-- ASSIGNMENT --
Please reproduce, exactly as given, the lines running from the start of the data to the line containing "Psoriasis : symptômes, causes et traitements", inclusive, and omit the pictures.
---------- DATA RECORDS
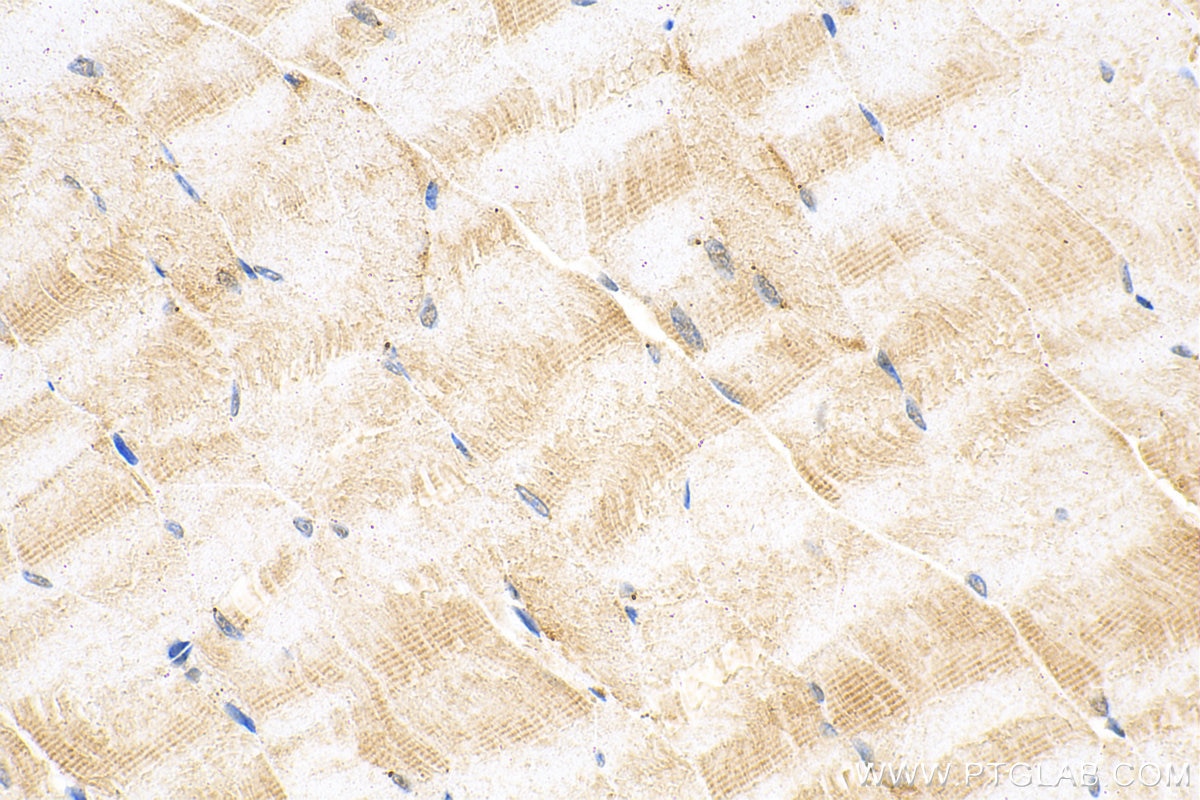 Immunohistochemistry (IHC) staining of mouse skeletal muscle tissue using RASA4B Polyclonal antibody (31288-1-AP)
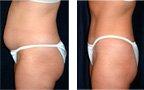 Vaser Body Contouring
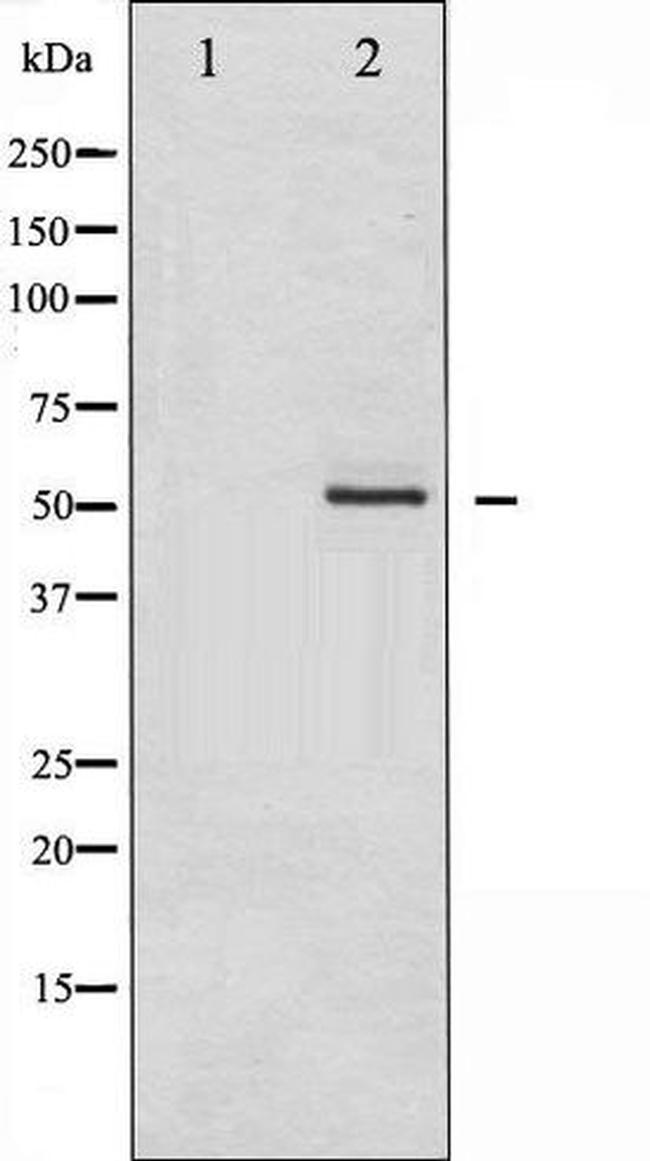 Phospho-HDAC2 (Ser394) Antibody in Western Blot (WB)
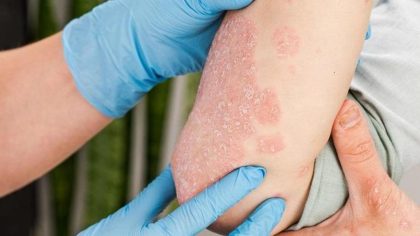 Psoriasis : symptômes, causes et traitements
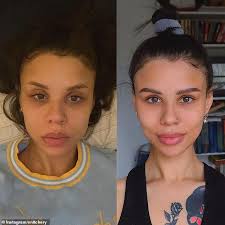 Bags under the eyes are usually a cosmetic concern and do not require medical attention, but their appearance can be bothersome to some people. Women Are Getting 800 Under Eye Bag Filler To Remove Dark Circles Daily Mail Online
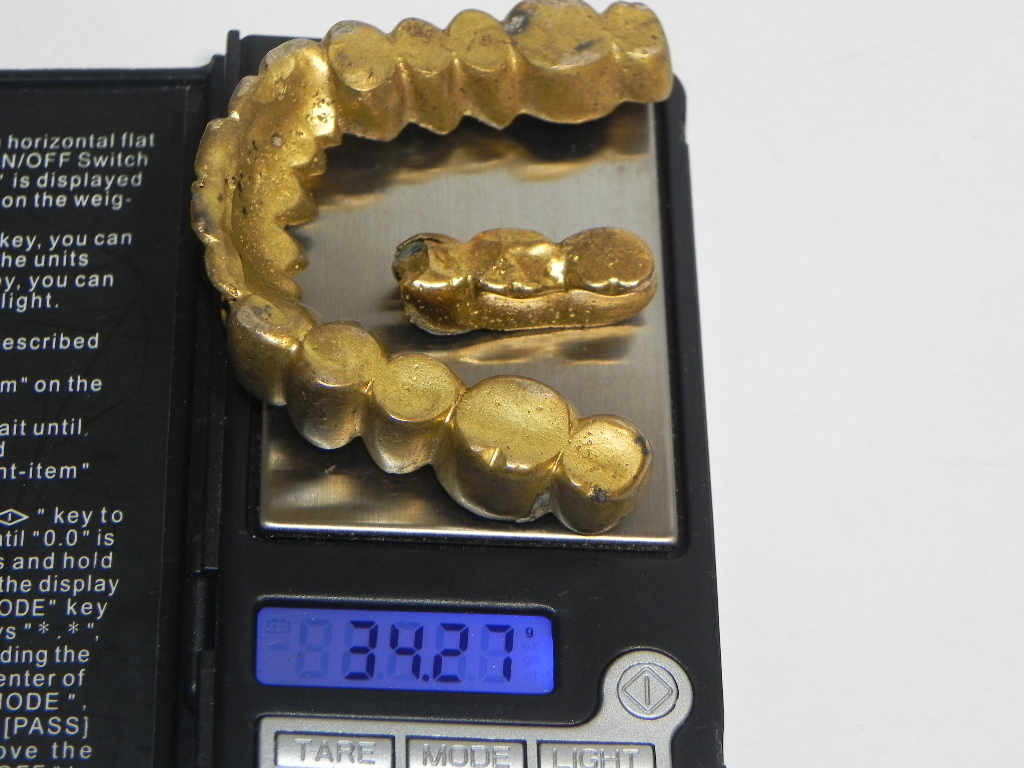 歯科サンプル　金属床義歯　模型付き　歯科医院 入れ歯 歯科 サンプル 見本 模型 総義歯 | 補綴 フルデンチャー 説明
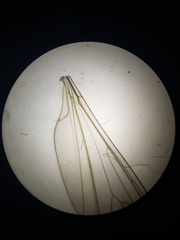 Trichocera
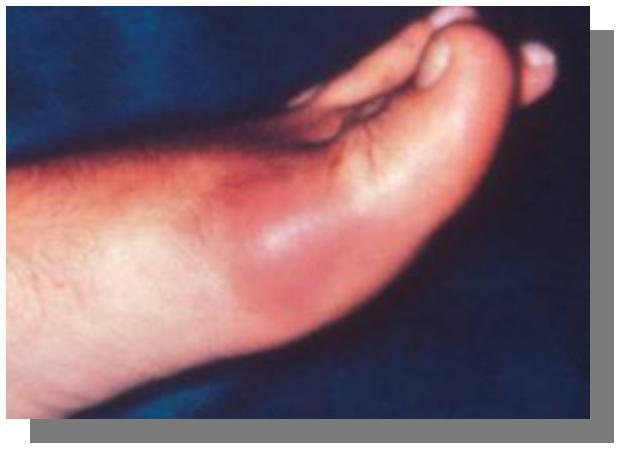 Οξεία ουρική αρθρίτιδα 2 Mονοαρθρίτιδα (85-95%) κάτω άκρων.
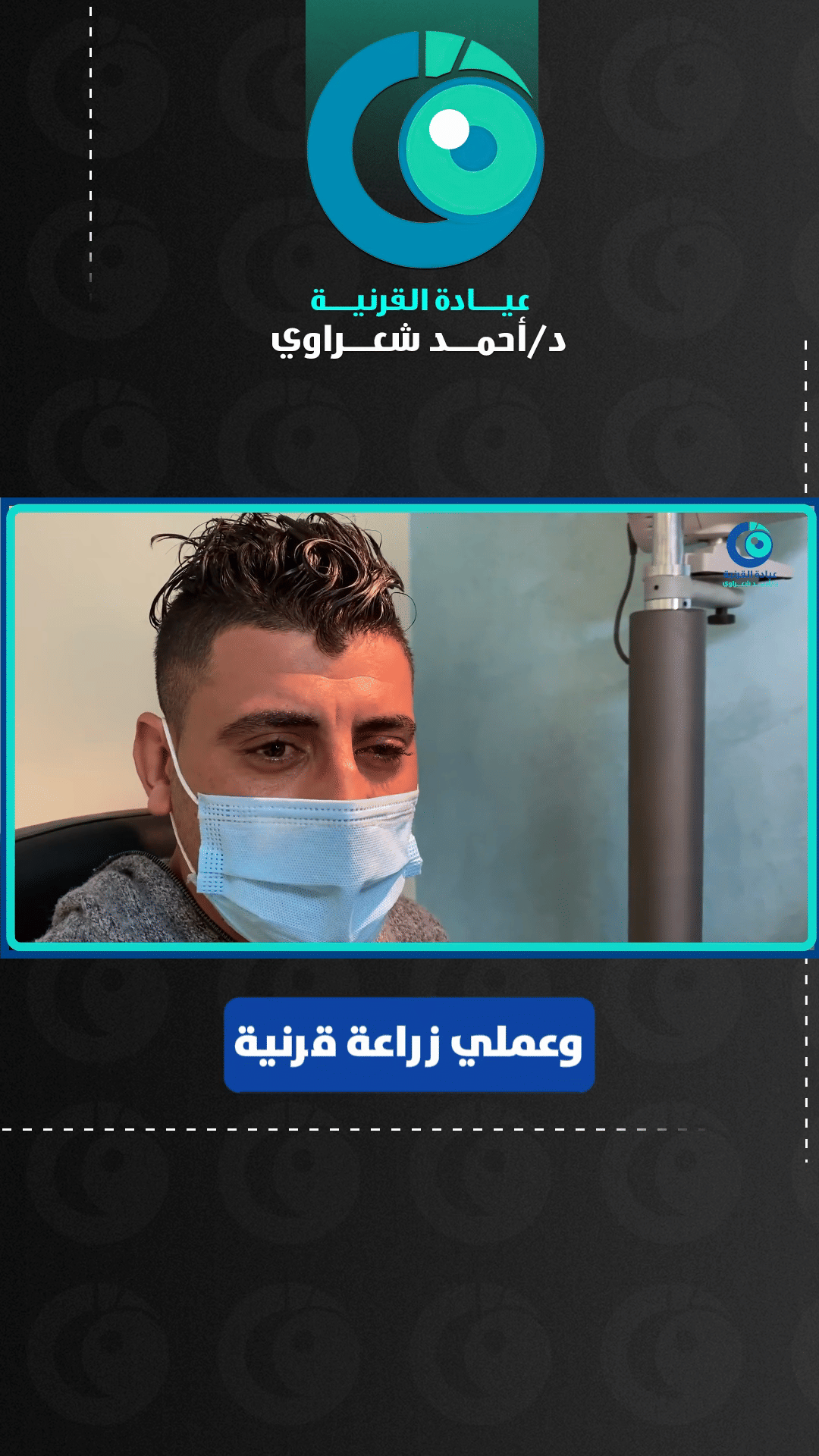 رأي مريض من البحيرة — زراعة القرنية للقرنية المخروطية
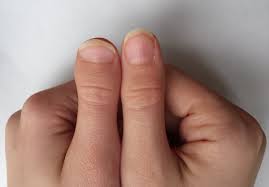 Megan fox's stubby thumbs megan fox was born with a condition called brachydactyly thumbs, which means that her thumbs are slightly clubbed or misshapen. Clubbed Thumb Wikidata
--------------------
-- SOLUTION TO THIS TASK --
 Immunohistochemistry (IHC) staining of mouse skeletal muscle tissue using RASA4B Polyclonal antibody (31288-1-AP)
 Vaser Body Contouring
 Phospho-HDAC2 (Ser394) Antibody in Western Blot (WB)
 Psoriasis : symptômes, causes et traitements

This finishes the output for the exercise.